Yeah, it's kind of confusing. I'm having a hard time explaining it.
When you upload a photo the system stores meta information about that photo in the database: a unique identifier, actual file name, your name, time uploaded, bytes, file type, as well as the location of the photo on the server. But then the photo itself is thrown into one single directory (everybody's photos all together.)
So when you load the /image page and see that you have photos in several folders, this doesn't actually correspond to the linux filesystem the server is running on. These folders are just an abstraction I have made on top of that. They don't really exist.
It's good to make such abstractions because now when I move the actual files around (into subdirectories) you won't notice anything. I'll just move each file, and then update the database by changing the location of the file information.
So when you request /getpic/xxxx/ the system looks up xxxx in the database, finds out where the file is actually stored in the linux filesystem, and then goes and gets it. So as long as I change that database information when I move the file nothing will break. I could even put the images on another server, and /getpic/xxxx/ would still retrieve the same picture as before.

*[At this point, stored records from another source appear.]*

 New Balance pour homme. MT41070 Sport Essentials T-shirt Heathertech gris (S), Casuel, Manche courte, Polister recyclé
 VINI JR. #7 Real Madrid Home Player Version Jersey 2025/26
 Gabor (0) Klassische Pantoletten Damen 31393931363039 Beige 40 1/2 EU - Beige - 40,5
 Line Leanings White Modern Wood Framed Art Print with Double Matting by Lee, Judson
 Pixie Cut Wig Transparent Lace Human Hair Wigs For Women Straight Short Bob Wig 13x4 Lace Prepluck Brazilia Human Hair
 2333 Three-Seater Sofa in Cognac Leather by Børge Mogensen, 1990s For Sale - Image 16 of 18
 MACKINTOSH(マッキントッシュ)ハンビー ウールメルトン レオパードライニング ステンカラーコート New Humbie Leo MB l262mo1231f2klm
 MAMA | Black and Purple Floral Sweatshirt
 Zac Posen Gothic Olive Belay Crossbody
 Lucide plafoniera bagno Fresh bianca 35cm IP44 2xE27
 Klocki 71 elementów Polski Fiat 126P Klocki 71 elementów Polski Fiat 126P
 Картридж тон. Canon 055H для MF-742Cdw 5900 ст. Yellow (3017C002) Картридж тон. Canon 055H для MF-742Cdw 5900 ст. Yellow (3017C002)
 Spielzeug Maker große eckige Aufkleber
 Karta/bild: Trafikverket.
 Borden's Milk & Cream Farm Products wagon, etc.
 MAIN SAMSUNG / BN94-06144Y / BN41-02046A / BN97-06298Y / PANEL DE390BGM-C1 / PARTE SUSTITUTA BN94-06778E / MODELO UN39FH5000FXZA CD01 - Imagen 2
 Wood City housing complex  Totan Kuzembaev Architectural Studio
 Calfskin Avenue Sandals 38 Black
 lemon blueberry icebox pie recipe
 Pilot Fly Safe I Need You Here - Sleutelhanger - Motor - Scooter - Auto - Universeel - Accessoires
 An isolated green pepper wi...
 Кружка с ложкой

OK, I was confusing "breaking up the big list (everybody's pics) into subdirectories" with breaking up people's individual "complete lists."
|
No doubt you'll want to keep track of the nonstop excitement over there by adding it to your homepage. For guests I still have to enable email notification (as well as weblogs.com pings) for these auto posts.
- jim 11-30-2003 12:16 am
Oh yeah, it auto scales the images too. But the whole thing is hard coded to work with my particular system, so I still have to go back and do a few rounds of abstracting so that this will be generally useful (like for someone besides me.) That will take some time, but it shouldn't be as hard as what I did today.
And then I have to restructure the image library. Right now they are all kept in one directory. And I think this will be a problem as the total number grows. There are around 3700 files in that directory now. When does this become trouble? I'm not sure but I think it will be sooner rather than later. So I will make subdirectories for each user inside that folder and then move individual pictures into their subdirectories.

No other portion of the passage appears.